Umgekehrt vom Osten aus: Man erleidet vielerlei, was man als ungerecht empfinden muss, Verlust der Arbeit, der Wohnung und anderes. Westliche Kommissionen, die die Tauglichkeit für Ämter überprüfen, die Versetzung bewährter Frauen und Männer in den Lehrlingsstand, die zum Teil unter entwürdigenden Umständen und ungerechtfertigterweise herbeigeführten Entlassungen (oder Nicht-Wiedereinstellungen) zugunsten westlicher Nachwuchskräfte. Vielerlei Betrügereien waren und sind an der Tagesordnung, von Takt- und Verständnislosigkeiten ganz zu schweigen. Als Beamte und Angestellte sind freiwillig vor allem solche der dritten und vierten Kategorie, zumeist noch in höhere Stellen befördert, herübergekommen, den andern muss man hohe Zulagen zahlen, ohnehin bekommen sie mehr Gehalt als die nach Osttarif bezahlten dortigen Kollegen. Auch dass die DDR-Wirtschaft derartig darniederlag, ist schwer zu begreifen: Zumal hier jedenfalls ein rudimentärer DDR-Stolz betroffen ist: Denn für diese Wirtschaft hatte man ja, direkt oder indirekt, gearbeitet. Sie war, wenn auch unzulänglich genug, das Lebenswerk der meisten im Lande.

Was alles an Verbesserungen schon geschehen ist – und das ist ja wahrhaftig nicht wenig –, schlägt im Bewusstsein des Gros offenbar nicht so leicht durch. Das eine wird schon für selbstverständlich genommen, am andern wird gelitten. Dass etwas schon klappt, wird wenig vermerkt, was schiefläuft, so gerne erzählt, dass die Fälle sich gleichsam durch das Herumerzählen multiplizieren. Und es wird sehr viel auch vorwurfsvoll geschwiegen. Allzu oft schleicht sich sogar schon die Vorstellung ein, man habe nur das eine ungerechte, willkürliche Regime gegen das andere getauscht (obwohl die Zahl derer, die die Vereinigung mit der Bundesrepublik für richtig und gut halten, nach wie vor klar überwiegt).

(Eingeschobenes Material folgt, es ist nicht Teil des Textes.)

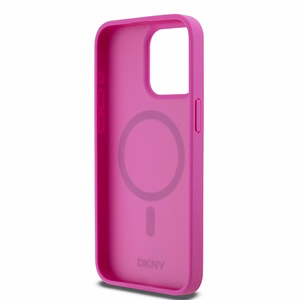 DKNY Odinis monogramos rašto metalinis logotipas Magnetinis dėklas telefonui iPhone 15 Pro Max - rožinis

Warum ist das alles so? Meine Vermutung ist: Weil erstens die Negativa für viele recht beträchtlich sind, die Hoffnungen aber abgestumpft (wobei natürlich auch verschiedene Versprechungen von westlicher Seite, die nicht eingehalten werden können, eine Rolle spielen). Zweitens werden diese Negativa als Ungleichheit gegenüber den Westdeutschen besonders stark empfunden. Drittens bringen die Prozesse, die zur Zeit unter den Deutschen ablaufen, die fortlebende DDR-Identität stark zur Geltung.

Hier liegt der wesentliche Unterschied zwischen Ostdeutschland und den übrigen Ostblockländern. Dass es in Ostdeutschland wirtschaftlich ungleich besser geht, ist zwar zuzugeben, aber es zählt nicht wirklich, weil man eher mehr als zuvor ganz auf Westdeutschland fixiert ist; weil man die Unterlegenheit nicht mehr länger ertragen will. Uns geht es besser, weil wir keinen großen Bruder haben, sagte neulich ein Tscheche. Er könnte damit etwas Richtiges treffen. Um es mit dem englischen Germanisten T. J. Reed zu sagen: Nothing, it seems, divides people like unification.